Correspondence in the Trial Master File (TMF) is imperative to keep all parties abreast of the details involved. In order to keep all information relevant and the entire TMF streamlined and efficient, it is necessary to decide what is important, applicable, and mandatory.
Current health authority regulations require that organizations retain relevant correspondence. This includes correspondence that is essential for reconstruction of activities, decisions in clinical trials and other important information. Other correspondence, like irrelevant correspondence, should be evaluated through a formal process to decide on whether it adds value or contributes to the story of the trial.
Correspondence through email is a common and necessary way to convey information pertaining to the clinical trial; however, they can quickly overwhelm the entire process and create informational chaos when it comes to filing. While emails are the quickest way to communicate to sites about trial updates, it is crucial to be able to determine the relevancy for a more streamlined filing process.
There are factors that can help you determine relevant correspondence to file in the Trial Master File. Individual organizations can expand on these criteria to clarify the terms within their own context and define their individualized filing approach in their Trial Master Plan.

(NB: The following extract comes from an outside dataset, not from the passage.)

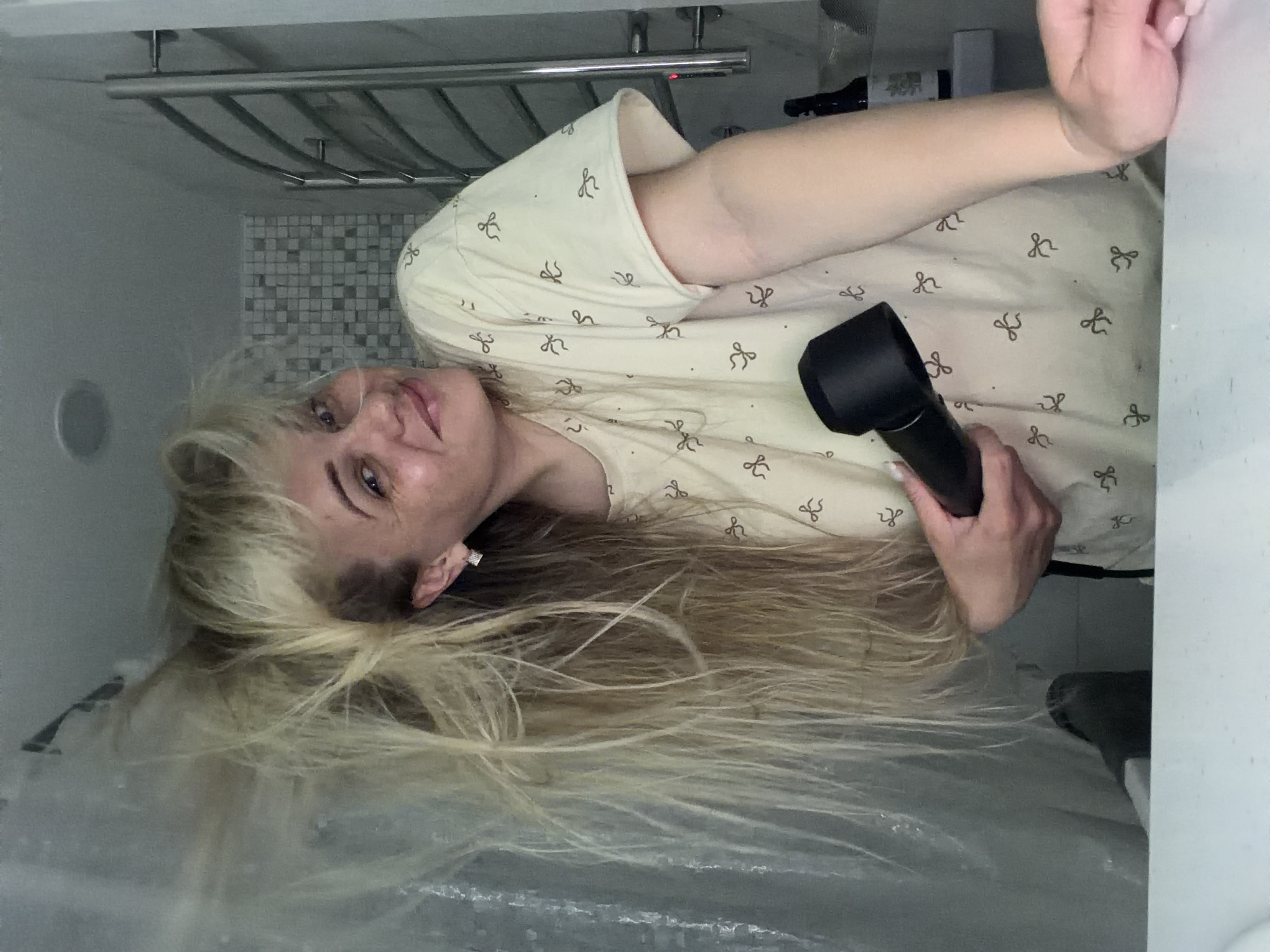 An indoor photograph, rotated 90 degrees counter-clockwise, features a person, likely female, with long, light blonde hair. The subject is shown from the chest up, with her head tilted towards the camera, displaying a faint smile. She is wearing a light-colored top patterned with small, dark, bow-like designs.
The person is actively engaged in holding a black hair styling tool, resembling a Dyson Airwrap, in her right hand. Her voluminous blonde hair is spread out, suggesting she is in the process of drying or styling it. Visible light-colored nail polish can be seen on her fingers.
The setting appears to be a bathroom, indicated by a metal towel rack mounted on a wall in the background. Part of the wall behind her head features small, gray, square tiles, while other areas are plain light-colored surfaces. A prominent white surface, possibly a counter or edge of a tub, frames the right side of the image. The lighting is consistent with an indoor environment. There is no legible text visible within the frame. This scene takes place in Votkinsk, Russia.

They can choose to file correspondence either:
- sequentially throughout the study (“file-as-you-go”),
- occasionally throughout the study, or
- after the study has been completed.
The following are considered relevant correspondence for the TMF:
- Agreements – Any communication of agreements made between two or more parties or individuals pertinent to the study.
- Relevant and significant discussions – Any discussion relating to changes made should be recorded and filed.
- Protocol violations – All information regarding violations of the existing protocols set in place for the research must be tracked and filed.
- Trial conduct – Information regarding the conduct of actions relevant to the clinical research is to be recorded and filed. For example, if the subject is eligible, and allowance of rescreening.
- Adverse event reporting – All occurrences of serious issues associated with the clinical research should be filed.
The Responsibility of Filing
Once it is determined that an email or article is deemed important, the responsibility of whom should file it comes into play. To avoid duplication of information or deletion of relevant details, it is important to lay out clear instructions so that everyone is on the same page. Therefore, drafting concise guides with best practices that are laid out clearly and assigning these tasks to the most efficient members of the team becomes paramount.
Often in a clinical trial, circumstances can change quickly. This requires the study team to adjust their trial conduct accordingly. Circumstances, such as the COVID-19 pandemic, forced teams to communicate more via email and other online technologies. With inboxes being inundated with reams of information, it is more imperative to have a streamlined filing process, especially when it comes to TMF correspondence.